If a pavlova weeps, it is because the sugar was not incorporated into the egg whites properly. To avoid this, rub a small amount of the meringue mixture between your fingers and if you can feel granules of sugar, then you must keep whisking.
Even a drop of egg yolk in the mixture will ruin it, so best to separate each egg individually into a small bowl before adding to the mixing bowl to avoid catastrophe.
A perfectly dry bowl and utensils are key to the perfect pavlova. Moisture stops the air adding volume to egg whites.
Add your sugar slowly to the mixture, one spoon at a time to ensure a thick, glossy result.
Cool your pavlova in the oven you cooked it in, to avoid cracks and ensure a marshmallowy interior.
- 4 egg whites
- 110g caster sugar
- 2 tsp cornflour
- 1 tsp pure vanilla extract
- 2 tsp white malt vinegar
- 300ml cream
- Fruit of your choice
Preheat the oven to 150°C.
Line a baking tray with baking paper. Check that your bowl and whisk are dry and free of grease. Whisk the egg whites until stiff, then add the castor sugar, little by little at a time. Fold in the cornflour, vanilla extract and vinegar.

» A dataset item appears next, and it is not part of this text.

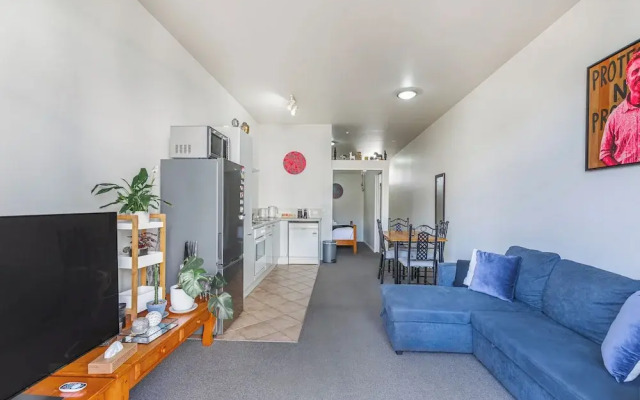 1Br Haven W/ Balcony & Parking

Spread the meringue mixture onto a 9 inch (23cm) round or oval on the silicone paper. Bake in the centre of a preheated oven for 45 minutes.
Then turn off the oven and leave for a further hour to dry out and crisp. Cool on a wire rack and peel off the paper. Remove from the oven and peel off the paper. Cool on a wire rack. Allow to get quite cold.
To serve, whip the cream softly, smother the pavlova with cream and decorate the top fruit of your choice.